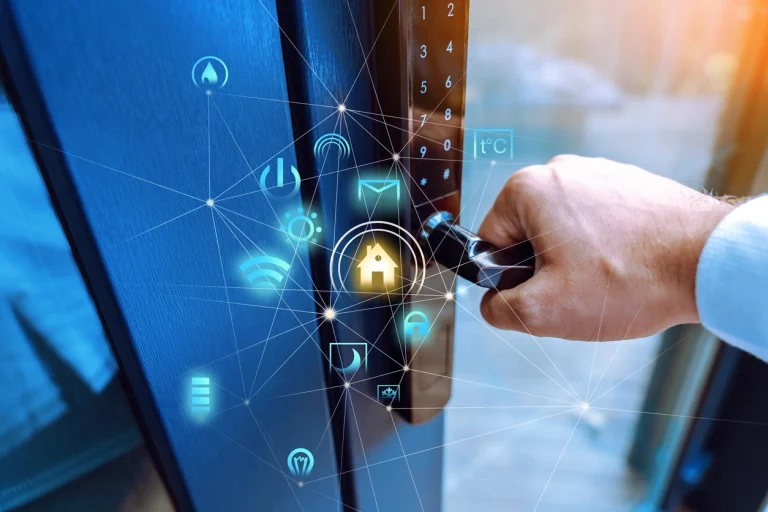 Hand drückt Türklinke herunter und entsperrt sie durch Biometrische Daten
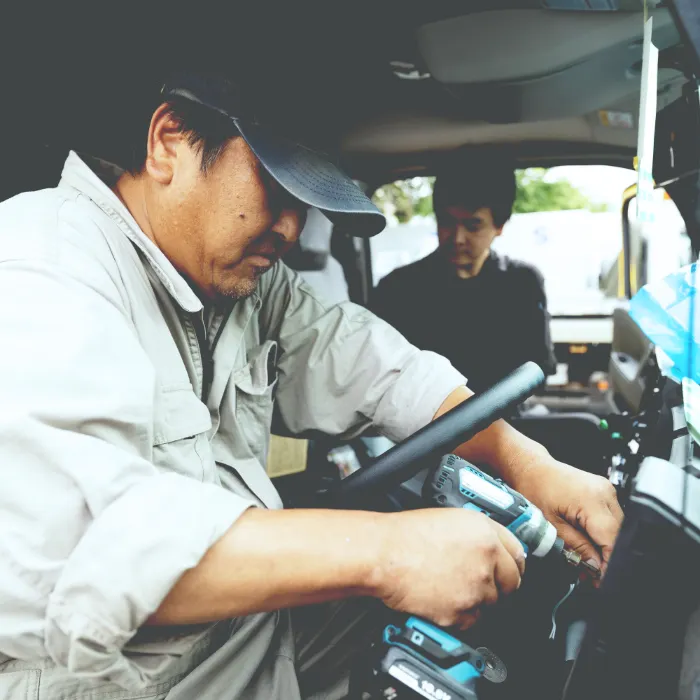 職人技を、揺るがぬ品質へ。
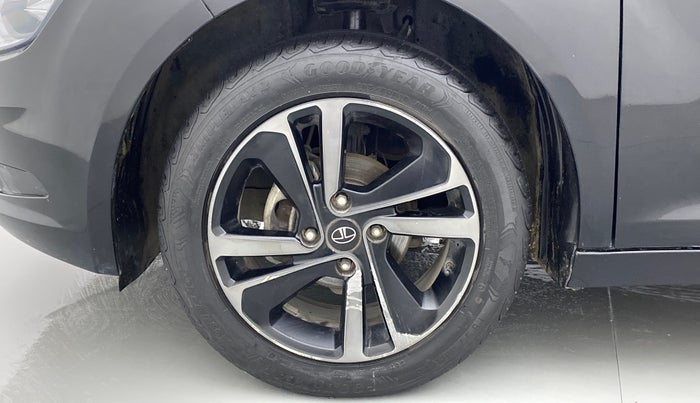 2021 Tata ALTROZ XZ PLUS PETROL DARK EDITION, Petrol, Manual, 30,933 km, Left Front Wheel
· · · ·
Repeat the material above word for word, please, apart from its images.

### [Response to this task]
 Hand drückt Türklinke herunter und entsperrt sie durch Biometrische Daten
 職人技を、揺るがぬ品質へ。
 2021 Tata ALTROZ XZ PLUS PETROL DARK EDITION, Petrol, Manual, 30,933 km, Left Front Wheel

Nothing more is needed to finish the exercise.